A: Not year round; I was what they call one of those ‘summer people’ for 60 years. When I was a little girl we rented out in Greenport in place called Breezy Shores. We used to have a little song that my uncle penned; it was ‘Beautiful Bountiful Breezy Shores/ There’s gnats at night but that’s alright/At beautiful bountiful Breezy Shores. "
Little unheated cottages that stick out into the bay… it was in Brick Cove. Then my aunt bought property in Cutchogue on a little dirt road, and we started going there when I was 8. That's where I still live. Even after I was married my wonderful husband, our four children and now my granddaughter spent/spend our summers in Cutchogue.
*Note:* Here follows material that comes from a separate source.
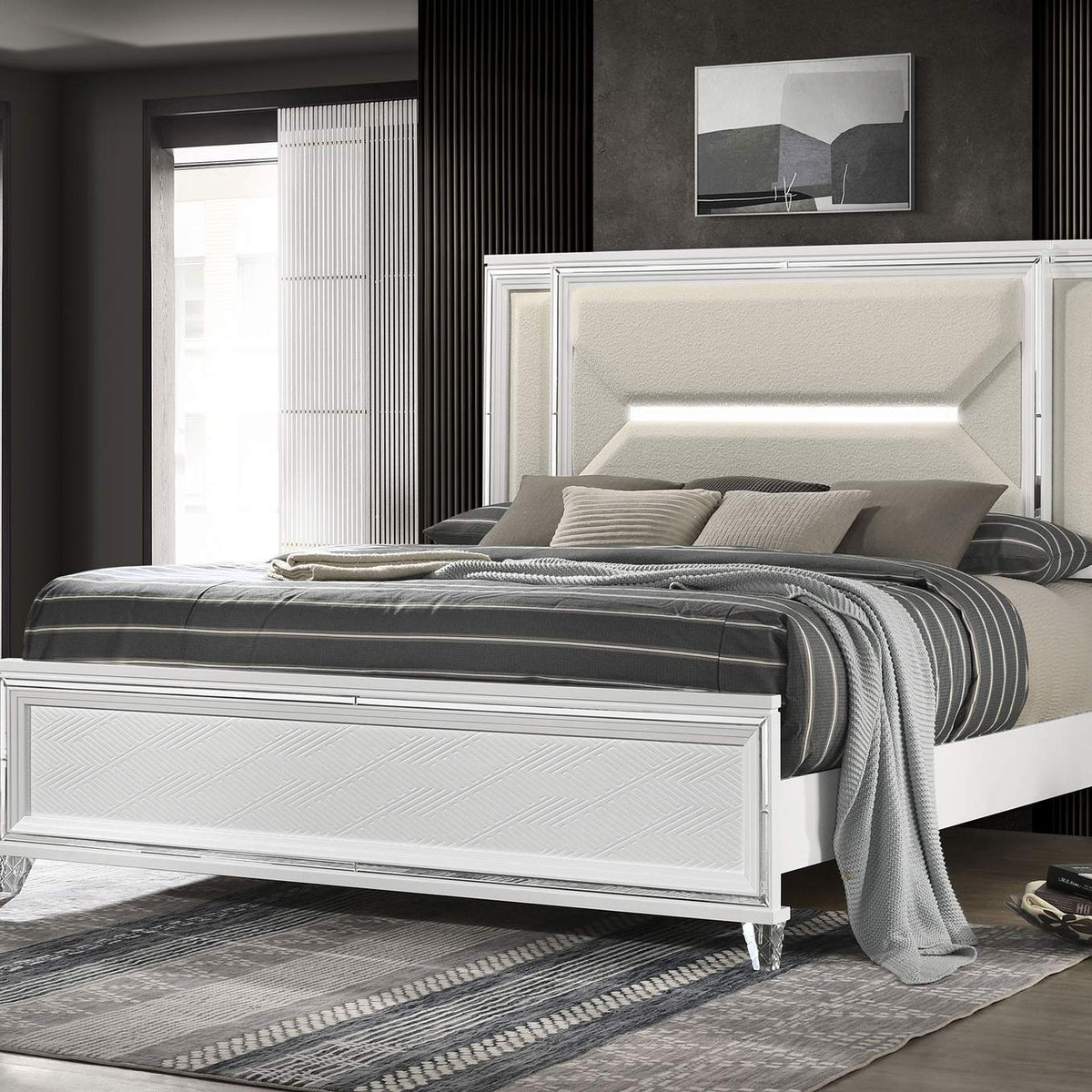 224961Q Marmore 64-inch Queen Panel Bed LED Headboard White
It's a place where cousins and second cousins become best friends. My husband and I always knew we would retire to Cutchogue and we became full time residents in 2008.
I grew up in Brooklyn for 30 years, went to Briarcliff Manor for the next 30 and now I live in paradise for the next 30…
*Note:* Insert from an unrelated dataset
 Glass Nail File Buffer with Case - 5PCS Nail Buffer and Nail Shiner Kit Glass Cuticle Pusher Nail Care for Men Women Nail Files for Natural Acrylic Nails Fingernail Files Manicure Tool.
Q: Why the North Fork for your next 30 years?
A: It’s just that calm; you always feel like you’re coming home. It’s quaint. Now I’m surrounded by people who I knew since I was 8 and cousins who I knew forever; now they’re my neighbors. It's a beautiful place.
I love watching the sunrise over the bay and the sunset over the sound.
Q: Did you come here to start a store?
A: No. When I first moved out here professionally I was in the school system; I worked as a teaching assistant. That’s what I’d done in Briarcliff for 25 years. Here I did it for a year. I worked in Special Ed, and my job was to help the student become independent. Come June I’d succeeded so I was out of a job.
I had some retail experience in Briarcliff, I worked in a cute little shop called Wondrous Things, but I wasn’t thinking about retail until, well, I answered an ad.
Q: An ad?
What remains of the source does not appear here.